Pizza, cola y magia
No se esperaba que Lionel Messi fuera admirado en todo el mundo por su longevidad.
La historia del legado del ocho veces ganador del Ballon d’Or ya estaba grabada en piedra, guardada por millones de nosotros para el futuro con el fin de transmitir adecuadamente su grandeza a nuestros nietos.
Sus regates y sus fabulosos goles en solitario. Su elegancia, propia de un bailarín, y su dominio del balón. Su extraordinario inteligencia futbolística, junto con una capacidad infalible para cambiar el rumbo de los partidos él solo.
Es un montaje con lo mejor de esos momentos mágicos grabados a fuego en nuestras mentes, protagonizado por un jugador que no tiene edad, que nunca envejece.
¿Un homenaje a un talento de élite que mantiene sus dotes hasta la mediana edad?
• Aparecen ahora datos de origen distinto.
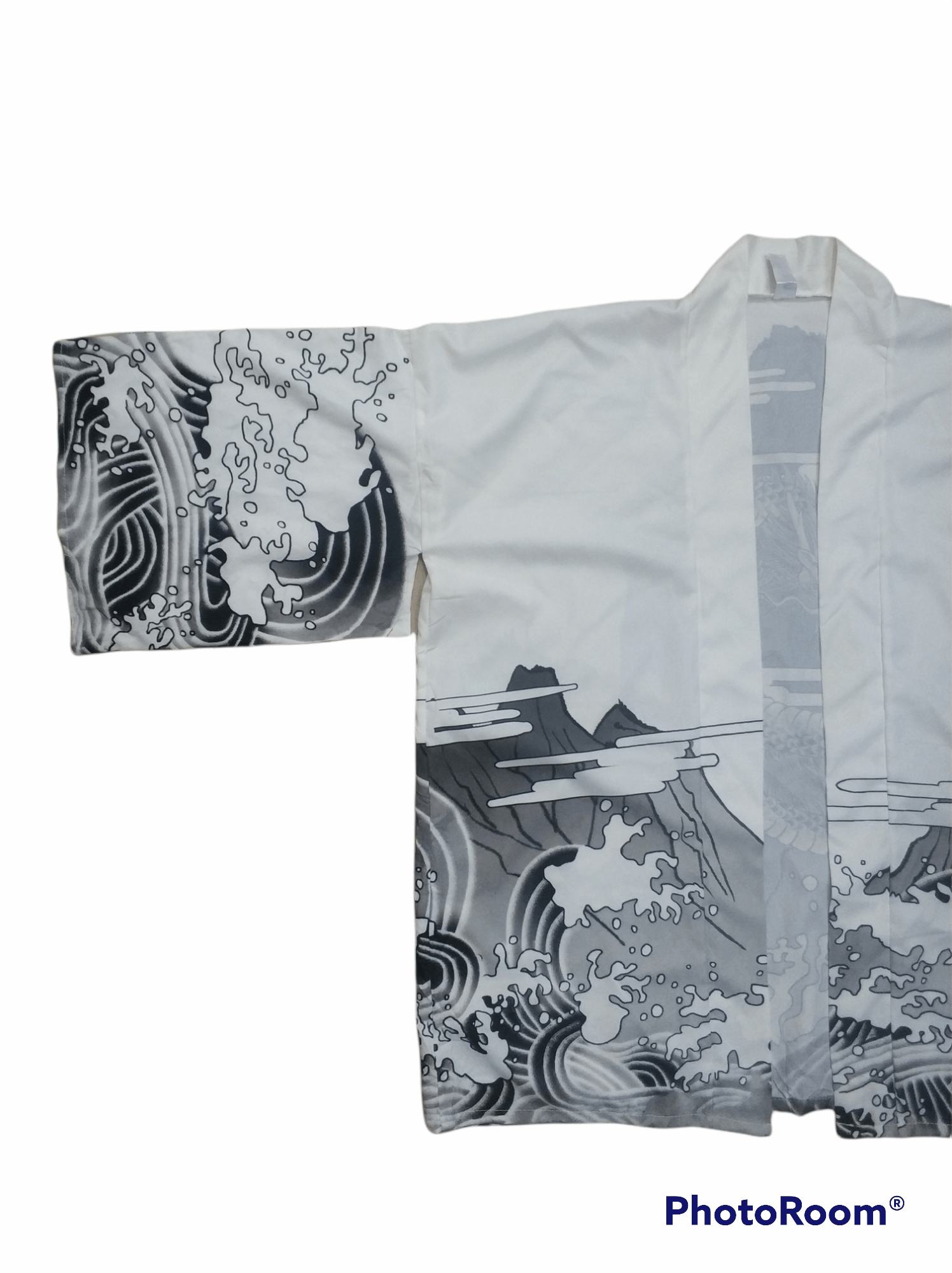 🔥White SF Harajuku Cropped Kimono Dragon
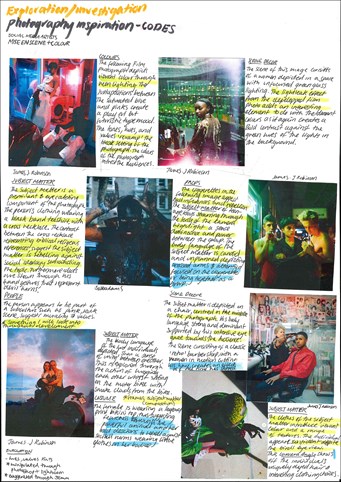 A page from a student design folio that shows trial photography trials, on black paper the colorful photographs of internal and urban environments with young people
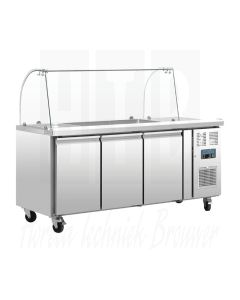 Polar U-serie GN gekoelde saladette met glazen opzetvitrine 3-deurs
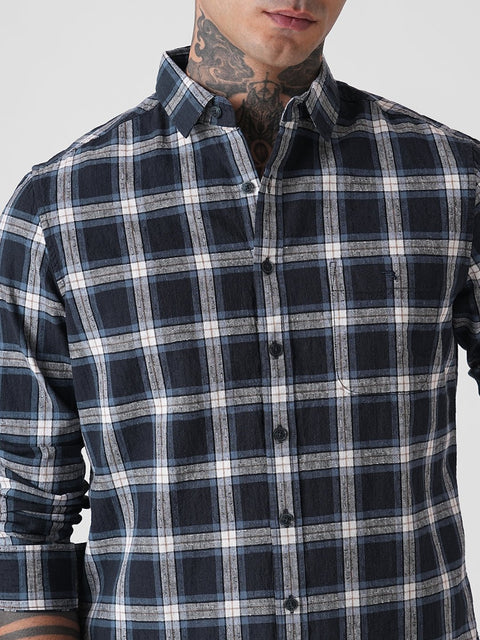 BLUE CHECKERED SLUB SHIRT-Shirt - 251032903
Bueno, eso estaba reservado para figuras como Ryan Giggs y Cristiano Ronaldo, dos gigantes del fútbol que se entrenaban como máquinas y poseían una obsesión compulsiva por seguir adelante.
¿Es mera coincidencia que ambos jugadores fueran entrenados por Sir Alex Ferguson, un hombre famoso por su gran determinación?
En el caso de Messi, siempre se ha valorado más su arte que su resistencia, un atributo que Ronaldo ha sabido aprovechar hasta un grado extraordinario.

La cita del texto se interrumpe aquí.